In the verses preceding the ones in this lesson, Jesus has drawn a little child from the crowd and taken the child in his arms. As we have been told from the days of our own childhood, Jesus loves the little children. He also uses the idea of childhood as a metaphor for innocence, weakness, and vulnerability. Sometimes, instead of saying “little ones” when he refers to the most vulnerable members of society, Jesus uses the term, “the least of these.” The harsh words he did NOT use for the man casting out demons in his name, Jesus now uses for anyone who would hurt one of the vulnerable ones. He says, “If any of you put a stumbling block before one of these little ones who believe in me, it would be better for you if a great millstone were hung around your neck and you were thrown into the sea.” That condemnation may very well comprise the strongest words of judgment spoken by Our Lord. Being thrown into the sea with a millstone around our necks? There doesn’t seem to be any mercy in that judgment, and yet this harsh judgment is reserved for a particular type of sinner: anyone who would abuse or take advantage of someone as vulnerable as a child. 
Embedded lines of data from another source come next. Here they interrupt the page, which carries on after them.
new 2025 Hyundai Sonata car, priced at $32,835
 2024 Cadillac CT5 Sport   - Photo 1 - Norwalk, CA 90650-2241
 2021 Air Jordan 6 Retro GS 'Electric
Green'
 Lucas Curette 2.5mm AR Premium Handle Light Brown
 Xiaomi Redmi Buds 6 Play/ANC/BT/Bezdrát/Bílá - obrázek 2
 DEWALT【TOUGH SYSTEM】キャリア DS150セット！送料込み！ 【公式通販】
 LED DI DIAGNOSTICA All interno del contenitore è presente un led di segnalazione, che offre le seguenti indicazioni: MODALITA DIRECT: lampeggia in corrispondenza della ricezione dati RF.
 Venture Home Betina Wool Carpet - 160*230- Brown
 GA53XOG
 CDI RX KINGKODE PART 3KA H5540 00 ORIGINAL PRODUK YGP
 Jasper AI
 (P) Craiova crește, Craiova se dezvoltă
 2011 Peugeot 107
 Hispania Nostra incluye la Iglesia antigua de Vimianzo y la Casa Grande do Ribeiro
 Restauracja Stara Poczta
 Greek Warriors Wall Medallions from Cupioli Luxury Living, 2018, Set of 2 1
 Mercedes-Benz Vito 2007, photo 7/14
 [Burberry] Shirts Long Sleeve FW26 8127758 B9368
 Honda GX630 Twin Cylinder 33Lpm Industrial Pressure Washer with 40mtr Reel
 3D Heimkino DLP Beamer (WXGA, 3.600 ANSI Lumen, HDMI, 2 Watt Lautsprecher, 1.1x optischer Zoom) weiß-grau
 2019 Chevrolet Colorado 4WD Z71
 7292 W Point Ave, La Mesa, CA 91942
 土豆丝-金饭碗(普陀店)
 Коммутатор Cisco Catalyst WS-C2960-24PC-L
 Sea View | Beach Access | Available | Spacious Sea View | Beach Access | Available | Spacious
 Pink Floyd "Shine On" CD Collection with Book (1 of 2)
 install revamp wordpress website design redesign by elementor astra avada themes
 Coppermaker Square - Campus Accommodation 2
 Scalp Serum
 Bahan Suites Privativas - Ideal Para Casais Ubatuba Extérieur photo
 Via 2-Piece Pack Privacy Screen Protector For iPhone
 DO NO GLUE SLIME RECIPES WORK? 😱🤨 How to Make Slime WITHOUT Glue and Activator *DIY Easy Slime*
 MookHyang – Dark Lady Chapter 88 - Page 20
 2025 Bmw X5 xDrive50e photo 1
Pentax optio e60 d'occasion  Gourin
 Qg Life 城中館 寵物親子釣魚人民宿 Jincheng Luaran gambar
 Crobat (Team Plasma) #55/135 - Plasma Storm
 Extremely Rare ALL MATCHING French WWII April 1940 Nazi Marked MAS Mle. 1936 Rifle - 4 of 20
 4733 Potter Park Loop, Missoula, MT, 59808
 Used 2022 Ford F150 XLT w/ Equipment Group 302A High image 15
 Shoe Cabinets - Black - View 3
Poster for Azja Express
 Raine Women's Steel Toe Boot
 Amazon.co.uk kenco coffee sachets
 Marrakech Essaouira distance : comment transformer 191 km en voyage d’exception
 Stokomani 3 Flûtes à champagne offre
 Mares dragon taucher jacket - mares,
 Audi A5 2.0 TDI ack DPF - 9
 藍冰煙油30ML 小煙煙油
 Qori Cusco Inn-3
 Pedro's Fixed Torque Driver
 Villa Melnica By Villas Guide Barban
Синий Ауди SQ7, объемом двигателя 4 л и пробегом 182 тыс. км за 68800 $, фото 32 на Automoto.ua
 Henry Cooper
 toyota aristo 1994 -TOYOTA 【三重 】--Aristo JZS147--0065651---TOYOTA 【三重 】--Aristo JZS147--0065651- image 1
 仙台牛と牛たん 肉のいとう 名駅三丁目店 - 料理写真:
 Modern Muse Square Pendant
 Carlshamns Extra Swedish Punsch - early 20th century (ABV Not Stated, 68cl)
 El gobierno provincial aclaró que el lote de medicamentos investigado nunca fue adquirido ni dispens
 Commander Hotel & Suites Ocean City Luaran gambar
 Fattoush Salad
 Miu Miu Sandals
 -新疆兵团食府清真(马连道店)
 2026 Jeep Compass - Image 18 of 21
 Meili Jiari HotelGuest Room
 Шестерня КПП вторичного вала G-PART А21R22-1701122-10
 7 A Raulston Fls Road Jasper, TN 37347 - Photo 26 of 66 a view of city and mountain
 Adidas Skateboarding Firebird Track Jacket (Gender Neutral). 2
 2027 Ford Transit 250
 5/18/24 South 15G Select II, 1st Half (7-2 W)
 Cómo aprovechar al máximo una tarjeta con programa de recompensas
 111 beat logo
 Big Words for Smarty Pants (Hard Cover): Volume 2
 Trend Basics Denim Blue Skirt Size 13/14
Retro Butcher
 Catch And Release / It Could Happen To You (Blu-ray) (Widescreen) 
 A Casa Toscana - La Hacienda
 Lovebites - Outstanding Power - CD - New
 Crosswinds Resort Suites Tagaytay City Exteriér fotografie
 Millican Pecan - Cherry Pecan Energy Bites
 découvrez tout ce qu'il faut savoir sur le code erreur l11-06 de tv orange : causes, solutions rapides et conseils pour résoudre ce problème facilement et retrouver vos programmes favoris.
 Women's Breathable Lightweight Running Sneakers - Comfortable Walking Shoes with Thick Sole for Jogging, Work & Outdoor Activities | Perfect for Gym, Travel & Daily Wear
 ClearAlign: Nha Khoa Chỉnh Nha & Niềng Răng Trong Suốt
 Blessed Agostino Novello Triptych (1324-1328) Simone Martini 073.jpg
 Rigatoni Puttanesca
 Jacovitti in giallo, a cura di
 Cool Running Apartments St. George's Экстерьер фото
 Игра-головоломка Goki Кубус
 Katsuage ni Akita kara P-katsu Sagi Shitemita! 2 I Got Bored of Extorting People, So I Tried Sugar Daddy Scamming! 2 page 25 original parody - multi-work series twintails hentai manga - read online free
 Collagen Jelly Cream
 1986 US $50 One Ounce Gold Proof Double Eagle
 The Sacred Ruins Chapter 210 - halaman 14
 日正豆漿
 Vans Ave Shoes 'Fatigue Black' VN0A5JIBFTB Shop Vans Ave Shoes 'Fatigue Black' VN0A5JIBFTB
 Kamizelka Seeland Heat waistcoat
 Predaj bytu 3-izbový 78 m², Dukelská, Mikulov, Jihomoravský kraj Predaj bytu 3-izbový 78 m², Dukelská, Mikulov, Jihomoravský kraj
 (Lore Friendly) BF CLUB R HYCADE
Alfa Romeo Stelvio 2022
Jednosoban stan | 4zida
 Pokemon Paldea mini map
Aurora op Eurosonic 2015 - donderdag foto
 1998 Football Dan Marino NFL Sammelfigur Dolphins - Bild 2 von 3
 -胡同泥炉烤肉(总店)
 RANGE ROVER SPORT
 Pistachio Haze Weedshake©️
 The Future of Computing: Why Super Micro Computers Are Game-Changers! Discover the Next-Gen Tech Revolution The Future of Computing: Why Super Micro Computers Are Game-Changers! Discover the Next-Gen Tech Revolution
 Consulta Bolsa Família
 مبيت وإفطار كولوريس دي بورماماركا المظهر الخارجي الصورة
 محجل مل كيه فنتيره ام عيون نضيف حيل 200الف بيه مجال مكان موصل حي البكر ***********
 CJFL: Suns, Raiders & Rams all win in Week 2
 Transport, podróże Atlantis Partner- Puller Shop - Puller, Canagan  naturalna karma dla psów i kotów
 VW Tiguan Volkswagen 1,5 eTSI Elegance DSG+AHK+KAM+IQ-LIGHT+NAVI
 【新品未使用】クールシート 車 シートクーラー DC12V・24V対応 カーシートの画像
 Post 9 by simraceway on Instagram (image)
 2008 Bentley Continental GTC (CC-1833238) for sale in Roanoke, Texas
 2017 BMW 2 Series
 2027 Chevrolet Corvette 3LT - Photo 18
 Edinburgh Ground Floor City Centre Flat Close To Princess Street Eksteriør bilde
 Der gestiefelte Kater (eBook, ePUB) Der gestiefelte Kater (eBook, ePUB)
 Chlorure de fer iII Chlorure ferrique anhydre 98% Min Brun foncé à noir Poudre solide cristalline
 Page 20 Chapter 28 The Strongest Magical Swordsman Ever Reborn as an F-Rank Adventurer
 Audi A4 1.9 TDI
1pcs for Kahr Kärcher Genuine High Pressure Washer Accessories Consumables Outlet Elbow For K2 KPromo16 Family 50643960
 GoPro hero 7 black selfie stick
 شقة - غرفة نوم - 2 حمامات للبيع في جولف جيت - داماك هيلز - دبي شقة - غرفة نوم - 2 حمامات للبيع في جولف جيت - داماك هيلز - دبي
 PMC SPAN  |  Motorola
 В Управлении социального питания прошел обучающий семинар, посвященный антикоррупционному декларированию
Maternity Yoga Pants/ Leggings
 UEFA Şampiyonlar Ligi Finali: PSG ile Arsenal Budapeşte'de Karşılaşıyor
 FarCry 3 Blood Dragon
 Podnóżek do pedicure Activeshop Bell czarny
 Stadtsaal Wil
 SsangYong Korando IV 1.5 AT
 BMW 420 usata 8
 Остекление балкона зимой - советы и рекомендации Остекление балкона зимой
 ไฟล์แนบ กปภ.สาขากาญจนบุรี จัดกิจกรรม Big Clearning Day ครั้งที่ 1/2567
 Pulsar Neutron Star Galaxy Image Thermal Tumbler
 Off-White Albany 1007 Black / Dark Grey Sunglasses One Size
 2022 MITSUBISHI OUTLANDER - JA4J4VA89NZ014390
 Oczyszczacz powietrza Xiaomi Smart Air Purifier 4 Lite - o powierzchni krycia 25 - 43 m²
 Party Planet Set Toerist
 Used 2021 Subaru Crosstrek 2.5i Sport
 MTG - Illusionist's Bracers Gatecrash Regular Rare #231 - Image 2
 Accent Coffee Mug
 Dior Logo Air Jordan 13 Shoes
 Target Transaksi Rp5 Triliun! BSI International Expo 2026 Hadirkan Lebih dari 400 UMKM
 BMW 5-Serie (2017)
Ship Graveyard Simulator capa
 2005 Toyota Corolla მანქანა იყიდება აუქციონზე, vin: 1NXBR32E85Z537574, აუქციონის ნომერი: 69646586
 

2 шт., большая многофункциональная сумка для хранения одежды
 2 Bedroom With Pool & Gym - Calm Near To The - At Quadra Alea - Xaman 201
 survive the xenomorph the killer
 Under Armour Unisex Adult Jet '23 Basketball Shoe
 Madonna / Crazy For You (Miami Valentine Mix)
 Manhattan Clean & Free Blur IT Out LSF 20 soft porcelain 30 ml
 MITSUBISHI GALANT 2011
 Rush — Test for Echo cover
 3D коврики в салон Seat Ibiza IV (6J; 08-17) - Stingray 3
Is that a reason for justice most of us could find acceptable? Let us recall now that the idea of judgment is closely tied to the term justice, although the two terms are NOT equivalent. Justice is what should follow rightful judgment; if the judgment is too harsh, then justice will not prevail. In the most beautiful and eloquent (at least in my ears) explanation in scripture of the Lord’s will for us, we find these words in Micah 6: 8: “He has told you, O Mortal, what is good; and what does the Lord require of you but to do justice, and to love kindness, and to walk humbly with your God?” How succinctly all three qualities are tied together in a way that illustrates the necessity of each: without humility and a love for kindness, how can any human offer fair judgment and dispense rightful justice ?  That love for kindness is exemplified, of course, in mercy. 
We are called, it would seem, to remove the stumbling blocks that our society places before the ones most beloved of Christ, the ones he called his little ones. We may ponder what it may take to remove those stumbling blocks as we move forward, but that is probably a sermon for another day. Even so, our own openness to the experience of God’s loving mercy is surely a blessing available to each of us. It can begin with gratitude.

The collect appointed for today reminds us of a reason for such gratitude, opening as it does with the words, “O God, you declare your almighty power chiefly in showing mercy and pity...” O, God... How helpful it could be to remember these words and deeply feel the mercy and pity of God!  AMEN.